We all trip over ourselves, or lift things wrong, or sleep weird and end up giving ourselves a nice little injury. Typically the best thing to do for that would be RICE (rest - ice - compression - elevation) right?
Well what if you're trying to stay active, and you can't be flat on your back for too long?
I'm gonna tell you something you don't wanna hear... You're going to lose a little progress. It's just a fact. BUT if you push through your injury, you most likely are going to make it worse.
You CAN however prevent yourself from losing too much progress.
Let's go over some common injuries, and ways to work in cardio and weight lifting while still nurturing these boo boos back to health.
Sprained Ankle
What your ankle needs:
Rest, Treatment for swelling (we use ibuprofen and Ease), Ice/Heat, Compression
You will recover more quickly if you are consistent with treatment.
What you can focus on:
- For Cardio: Upper body cardio such as rope pulling or an Arm Crank machine, Swimming
- For Weights: Work on your core, your butt, your back and your arms! You can still build muscle which in turn will continue to amp up your metabolism.
- Here's one of my favorite leg free workouts from FITNESS BLENDER
- Eventually.... work on strengthening those muscles around your ankle to ensure you are less likely to re-sprain it in the future.
Rest, Treatment for swelling (we use ibuprofen and Ease), Ice/Heat, Compression
You will recover more quickly if you are consistent with treatment.
What you can focus on:
- For Cardio: Upper body cardio such as rope pulling or an Arm Crank machine, Swimming
- For Weights: Work on your core, your back and your arms.

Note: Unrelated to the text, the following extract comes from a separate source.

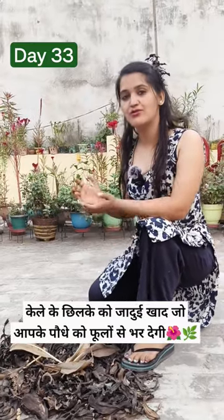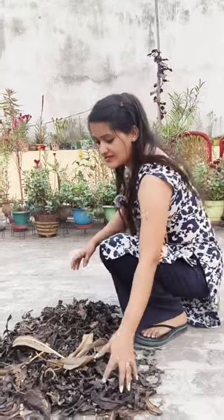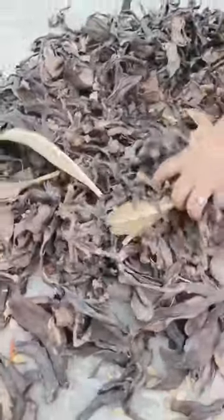Today is our day 33, and you will always ask us to make organic food. It is pure and free from chemicals. Today I am making an organic food for you. This is the kale, which I have used for a week for a long time.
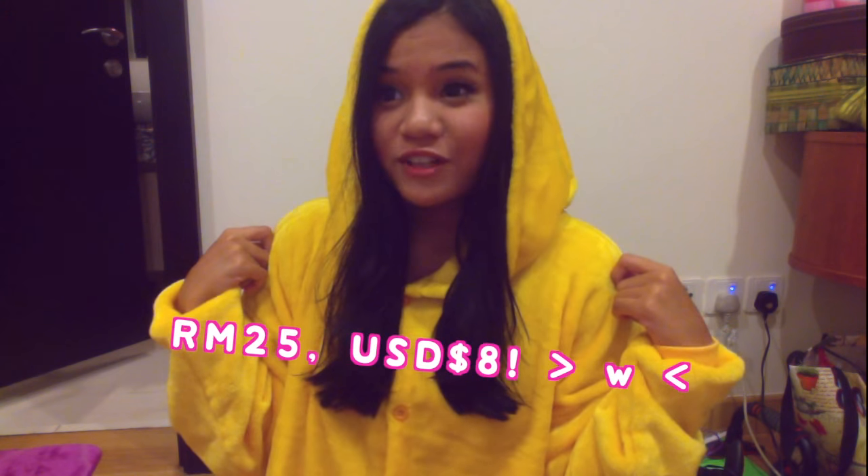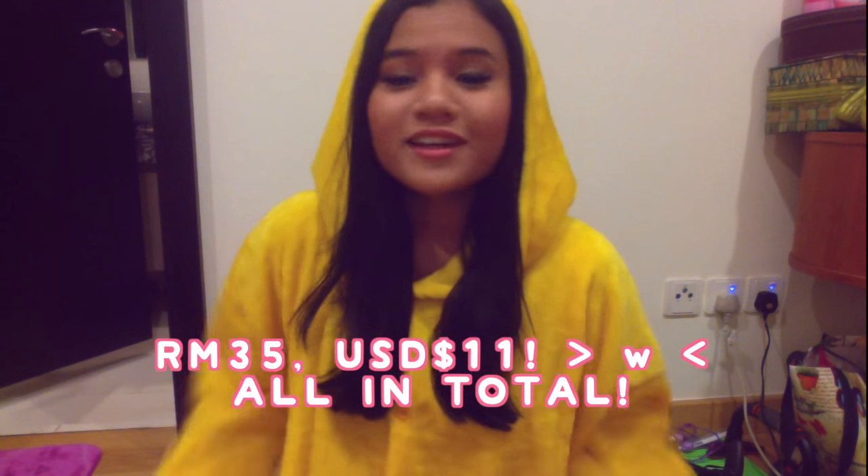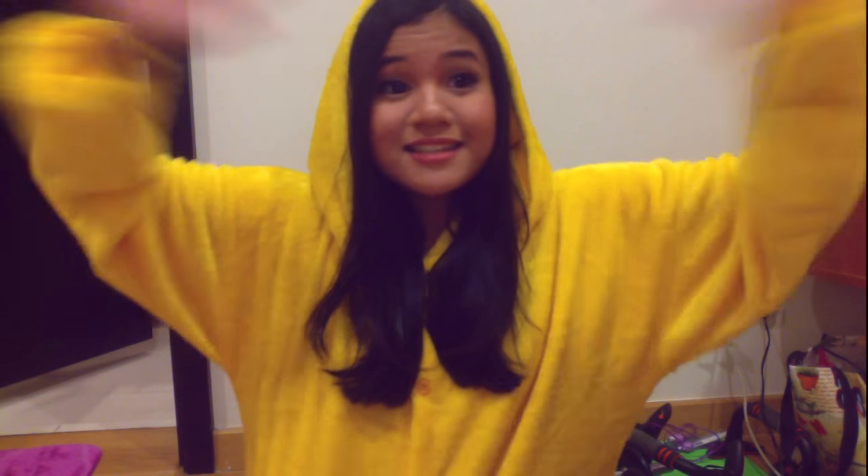All info on where I got this Kigurumi is in the description box below if you guys are interested. I'm from Malaysia so I got this for 25 ringgit, and then plus shipping it was like 10 ringgit, so 35 ringgit all in total. It was so worth it! It's in a size S and it's so cute and comfy to wear.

Forcing yourself to be creative with how you are challenging your upper body can help you discover new strength!
- This is a great AT HOME SEATED WORKOUT
- Eventually... work on mobility so that your muscles do not stiffen, maybe see if you can get in for a massage to keep the lactic acid from building up.
Tweaked Neck
Rest, Treatment for swelling (Ibuprofen and Ease), Ice/Heat, and massage! Loosen those muscles up!
Keep in mind it's easy to re-injure your neck if you sleep on your side or your stomach. Try to sleep on your back if you can!
What you can focus on:
- For Cardio: Lower body cardio, such as spinning or cycling (try reclined bikes if needed)

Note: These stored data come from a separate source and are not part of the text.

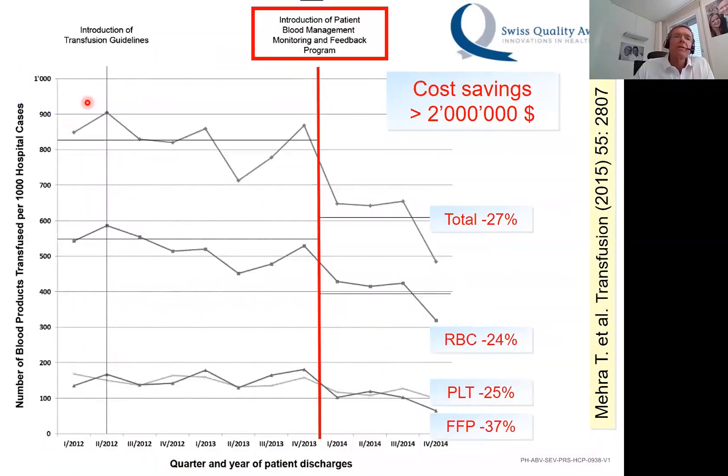You can see that following the introduction of transfusion guidelines by the medical director alone, nothing happened — zero effect. But once we started the patient blood management monitoring and feedback program, all of a sudden all transfusions — RBCs, platelets, and FFP — decreased very significantly.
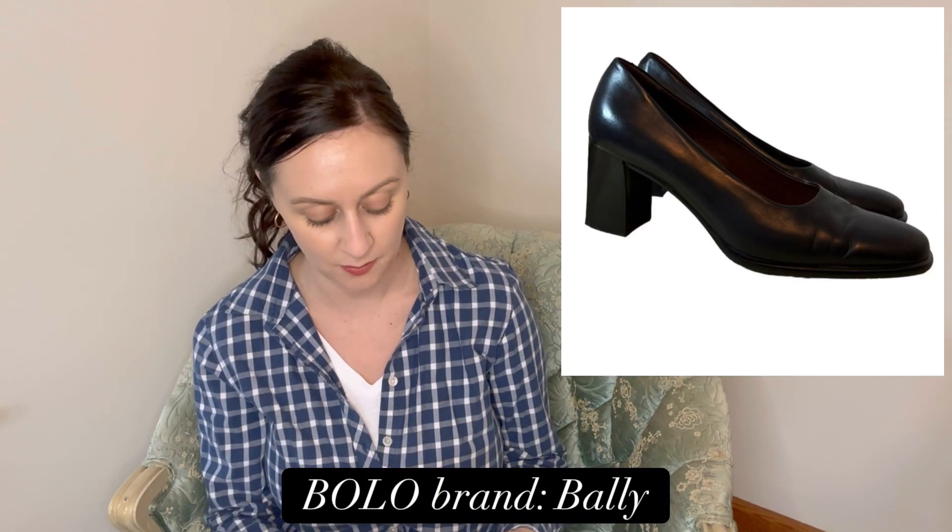I sold a flawed St. John dress — it was a newer piece missing some beading and grommets around the neckline — for $30 on Poshmark. I also sold an Affoletta dress for $32 on Poshmark, a pair of Vince flats for $30 on Poshmark — I think Vince shoes do a lot better than Vince clothes. And I sold a pair of Bally shoes on Mercari for $40. Bally is definitely a higher-end designer and a big BOLO.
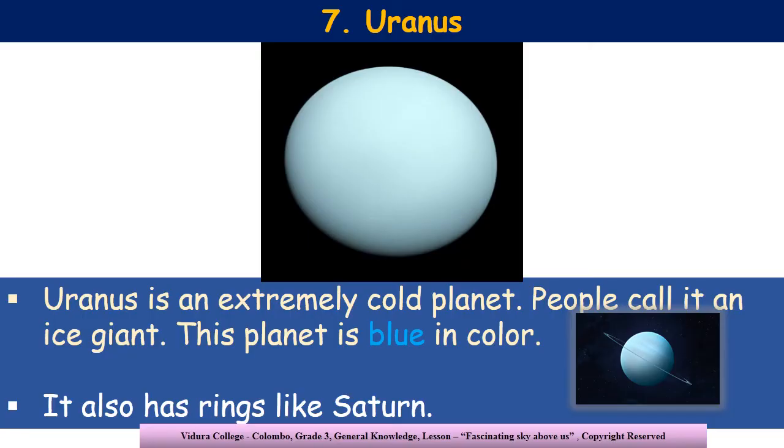Can you see an ice ball here? No darling, it's not an ice ball. It is the seventh planet which is away from the sun, and that is Uranus. It's an extremely cold planet and people call it an ice giant. This planet is blue in color, and it also has a few rings like Saturn.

- For Weights: Work on your butt, legs, and core! This is a great time to focus on that leg press, or on really zoning in on your upper and lower core muscles.
- Pilates really burns those muscles without a ton of movement as shown by FITNESS BLENDER
- Eventually... Start working on mobilizing the muscles around your neck. Roll your shoulders, slowly roll your head right to left, take it easy and pay attention to more painful areas.
Bad Back
What your back needs:
Rest, Treatment for swelling (Ibuprofen and Ease), Ice/Heat, and massage! Loosen those muscles up!

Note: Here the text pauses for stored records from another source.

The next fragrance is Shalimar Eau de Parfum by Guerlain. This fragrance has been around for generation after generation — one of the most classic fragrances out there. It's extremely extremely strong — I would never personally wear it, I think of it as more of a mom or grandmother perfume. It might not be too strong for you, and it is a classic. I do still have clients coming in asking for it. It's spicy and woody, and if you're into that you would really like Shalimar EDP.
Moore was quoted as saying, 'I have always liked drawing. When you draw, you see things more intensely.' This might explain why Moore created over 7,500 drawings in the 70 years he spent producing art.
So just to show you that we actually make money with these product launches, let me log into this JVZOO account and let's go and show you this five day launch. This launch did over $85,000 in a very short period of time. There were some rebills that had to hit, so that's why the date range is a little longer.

If your low back is bothering you, you can still do some leg work. However, if your upper body is bothering you, you're a bit more limited in your options.
What you can focus on:
This one is tricky... It's hard to do much cardio when your back is in pain, since your back is involved with most exercise.
- For Cardio: Try a reclined bike to keep your back upright, work on intervals of higher resistance to get your heart rate up.
- For Weights: Pilates is a great thing to focus on, especially since it is so heavy on strengthening core (which you need to support your back while it's healing)
- Have I mentioned I love Pilates? Here's another Pilates workout that is all about STRETCHING AND STRENGTHENING
These are just a few examples of how you can stay active even if you can't do your normal routine. Remember, if you need help with this, we are here for you!
You can also consult a physical therapist for more serious injuries to help you find ways to work towards recovery.
As always, be safe, stay active, and be well!